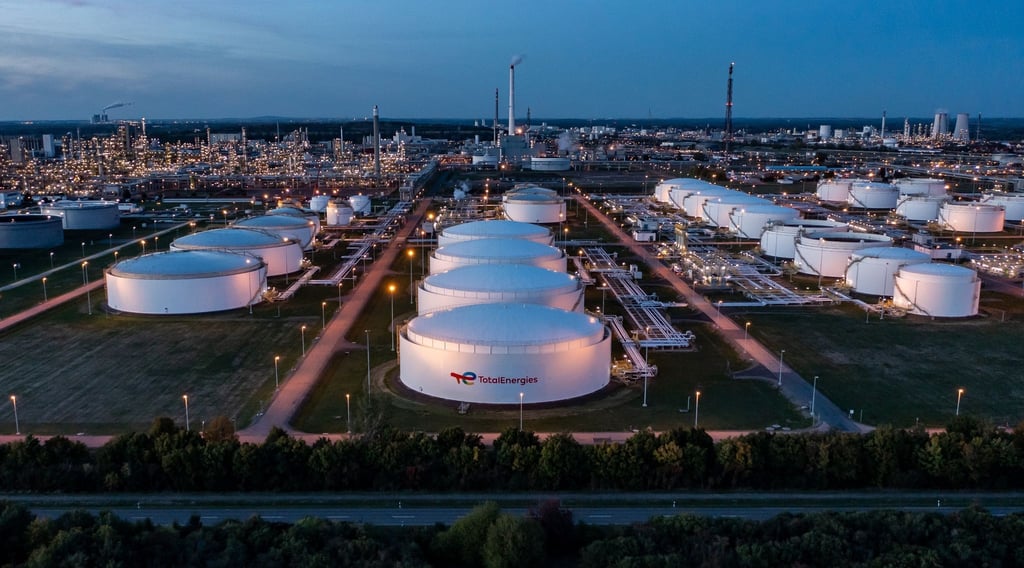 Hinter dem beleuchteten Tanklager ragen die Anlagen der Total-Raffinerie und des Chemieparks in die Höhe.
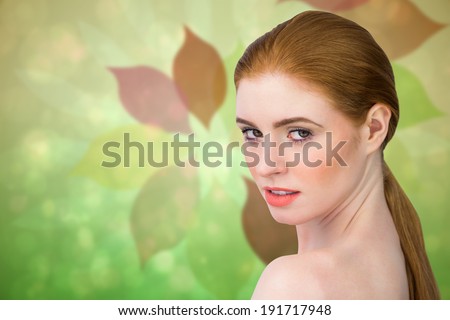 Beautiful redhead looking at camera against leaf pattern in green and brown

* * *

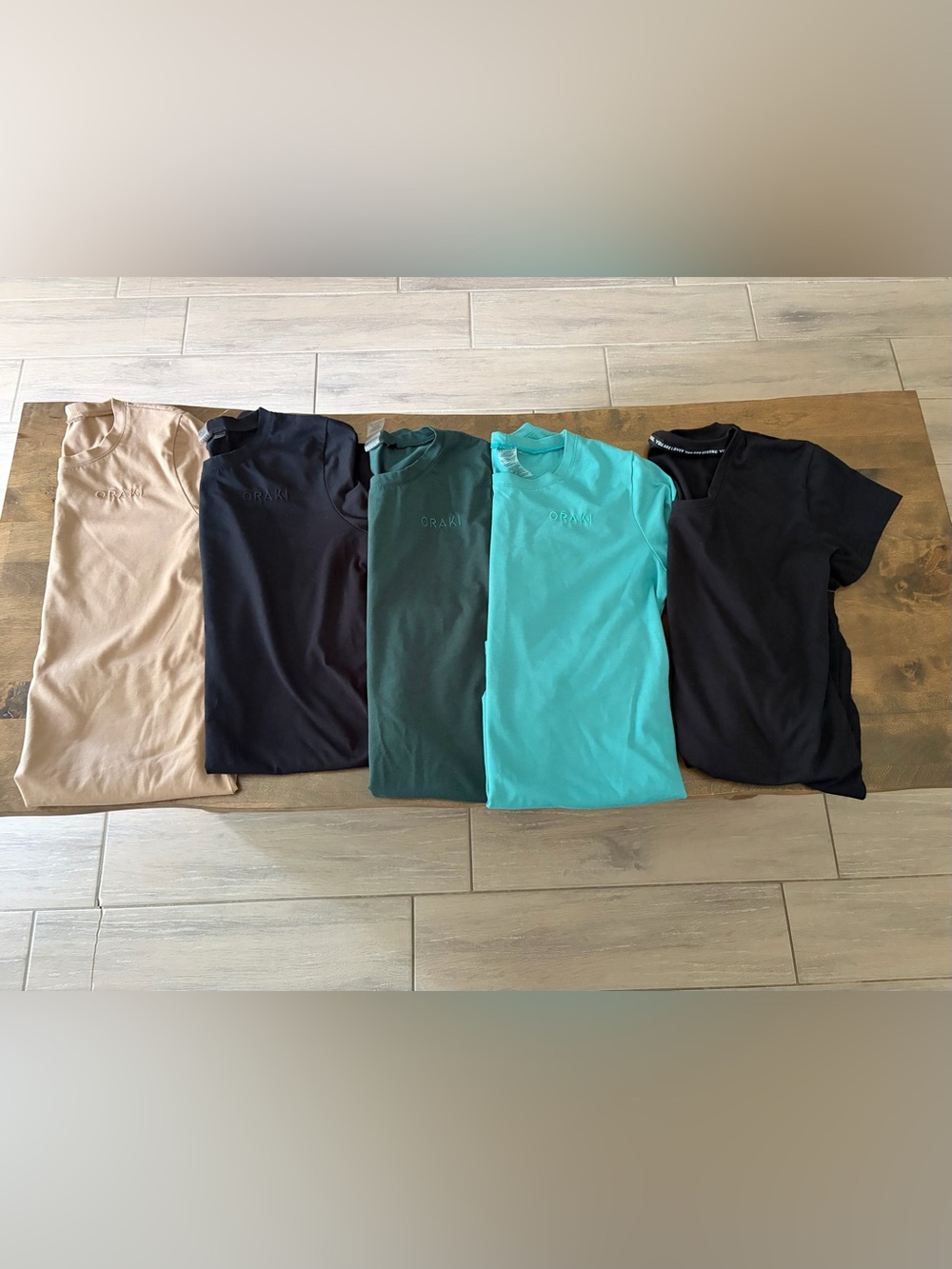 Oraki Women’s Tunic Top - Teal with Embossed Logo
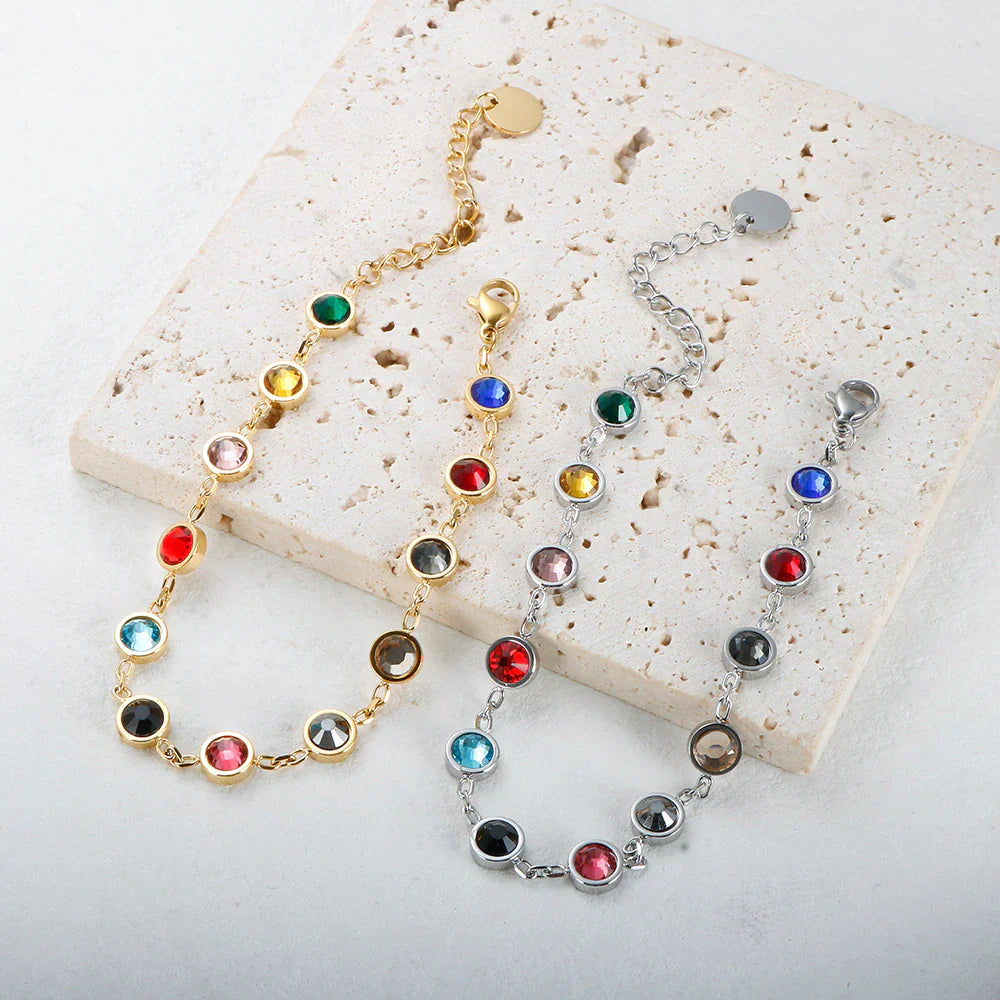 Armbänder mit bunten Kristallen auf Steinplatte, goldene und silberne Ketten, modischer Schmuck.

--

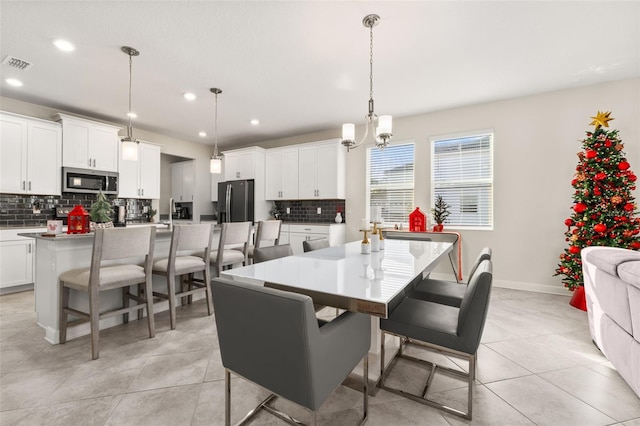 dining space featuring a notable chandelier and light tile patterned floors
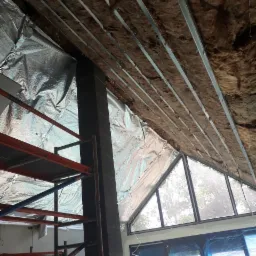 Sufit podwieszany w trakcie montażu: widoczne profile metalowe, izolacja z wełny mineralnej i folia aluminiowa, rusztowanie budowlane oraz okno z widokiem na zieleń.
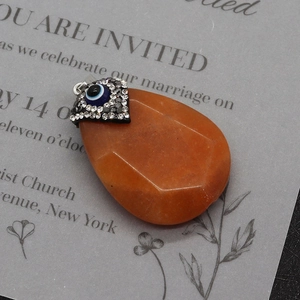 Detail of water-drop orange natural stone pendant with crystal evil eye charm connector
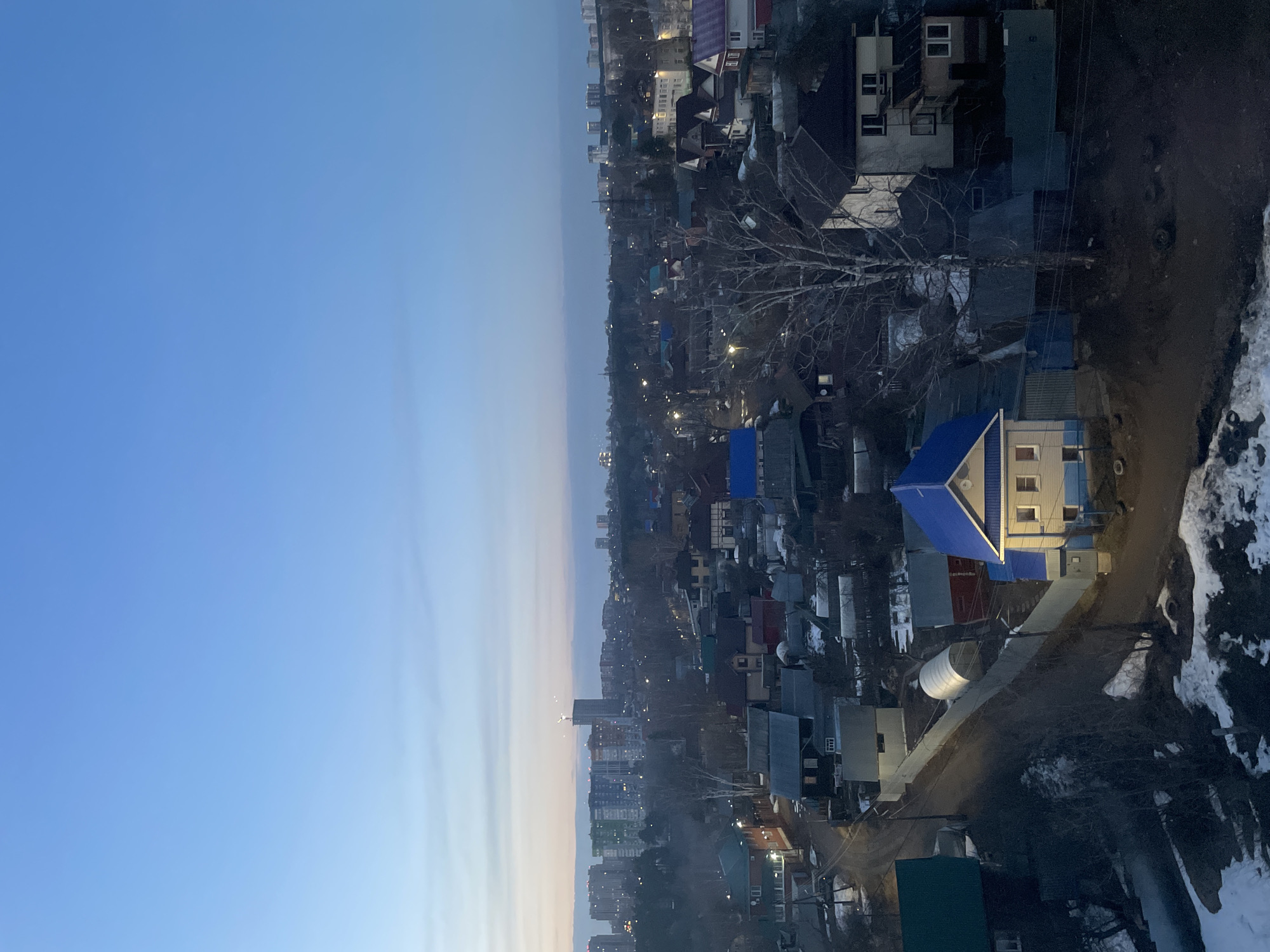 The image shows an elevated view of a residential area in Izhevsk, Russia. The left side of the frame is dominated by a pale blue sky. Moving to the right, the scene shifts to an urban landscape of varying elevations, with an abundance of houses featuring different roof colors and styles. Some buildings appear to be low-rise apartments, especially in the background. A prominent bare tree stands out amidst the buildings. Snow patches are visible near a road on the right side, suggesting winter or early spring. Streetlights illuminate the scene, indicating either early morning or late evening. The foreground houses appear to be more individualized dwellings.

* Work request *
Leave the pictures out, and transcribe exactly the lines above starting at the one that contains "Hinter dem beleuchteten" and ending at the one that contains "Beautiful redhead looking".

* Exercise result *
 Hinter dem beleuchteten Tanklager ragen die Anlagen der Total-Raffinerie und des Chemieparks in die Höhe.
 Beautiful redhead looking at camera against leaf pattern in green and brown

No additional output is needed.